Le jeune Ulysse (Sandor Funtek, la révélation du film) vient de passer six mois en prison pour trafic de stupéfiants. Sa mère (Sandrine Bonnaire, qui depuis plus de trente ans creuse dans le cinéma français un sillon bien à elle à mi-chemin de Catherine Deneuve et de Juliette Binoche), profondément dépressive, exige des soins quotidiens et coûteux. Pour les financer, Ulysse n’a d’autre solution que de replonger dans la criminalité. Avec David (Alexis Manenti découvert dans Les Misérables), il croit tenir la martingale pour gagner rapidement de l’argent : investir dans un food truck et vendre des boissons coupées à la kétamine dans une rave party organisée dans le Poitou.
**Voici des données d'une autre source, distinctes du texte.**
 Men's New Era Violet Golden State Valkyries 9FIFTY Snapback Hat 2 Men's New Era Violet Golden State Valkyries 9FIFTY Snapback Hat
Des petits films français nerveux sur des jeunes en rupture avec l’ordre social, on en a déjà vu treize à la douzaine, sans remonter aux Quatre cents coups, Sans toi ni loi ou Le Petit Criminel. Certains sont inoubliables (Shéhérazade), d’autres sont oubliés quatre mois après les avoir vus (Mon frère).

Il y a fort à craindre que ce K contraire ne soit relégué dans cette seconde catégorie. Sans doute son interprétation est-elle excellente, à commencer par son jeune héros qu’on reverra bientôt dans le biopic qu’Audrey Estrougo consacre aux débuts de NTM. Mais, son sujet est trop banal, son scénario trop alambiqué – qui nous balade entre Paris et la province – et son montage trop maladroit – qui alterne des scènes trop étirées et de soudaines ellipses qui en brouillent la compréhension – pour marquer durablement les cœurs et les esprits.